Niemniej jednak w jakimś stopniu są to pozory i dowodem na to jest dzisiejszy konkurs Pucharu Świata w Willingen. Warunki były dalekie od sprawiedliwych, co miało ogromny wpływ na losy pierwszej i zarazem jedynej serii konkursowej. Polacy spisali się bardzo słabo i co najgorsze, po konkursie byli negatywnymi bohaterami – chodziło o buty naszych skoczków. Buty naszych skoczków wywołały spore kontrowersje i skończyło się zdyskwalifikowaniem Piotra Żyły i Stefana Huli. Co ciekawe, okazało się też, że wszystko rozpoczęło się od Niemców! Niemcy wpłacili 100 franków szwajcarskich, co oznaczało złożenie protestu i tym samym Mika Jukkara musiał przyjrzeć się naszemu obuwiu. Emocje wywołało też to, że Polacy nie zgłosili przeprowadzonych modyfikacji.

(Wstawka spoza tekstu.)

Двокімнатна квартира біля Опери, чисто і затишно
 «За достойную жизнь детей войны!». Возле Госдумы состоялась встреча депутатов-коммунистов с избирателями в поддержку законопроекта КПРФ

Można też usłyszeć o tym, że Polacy zamierzają zrewanżować się protestem – chodzi o buty, które ma m.in. Geiger i Kobayashi. Sytuacja robi się coraz bardziej gorąca, a początek Zimowych Igrzysk Olimpijskich w Pekinie już w przyszłym tygodniu. Wszystko wskazuje więc na to, że poza skocznią mamy naprawdę ostrą rywalizację. Ponadto nie sposób zapomnieć o testach na wiadomego wirusa – wygląda na to, że skoczków w najbliższym czasie czeka wiele stresu.
Dzisiejszy konkurs wygrał wspomniany już Kobayashi i tym samym odzyskał on prowadzenie w klasyfikacji generalnej Pucharu Świata. Na podium znaleźli się także Norwegowie – Granerud i Lindvik. Najlepszy z Polaków był Stoch – dwukrotny zwycięzca Pucharu Świata zajął 21. miejsce. Punktował także Dawid Kubacki – mistrz świata z Seefeld ukończył zmagania na 27. pozycji. W klasyfikacji konkursu mieliśmy również Pawła Wąska – młody Polak zajął dopiero 38. miejsce.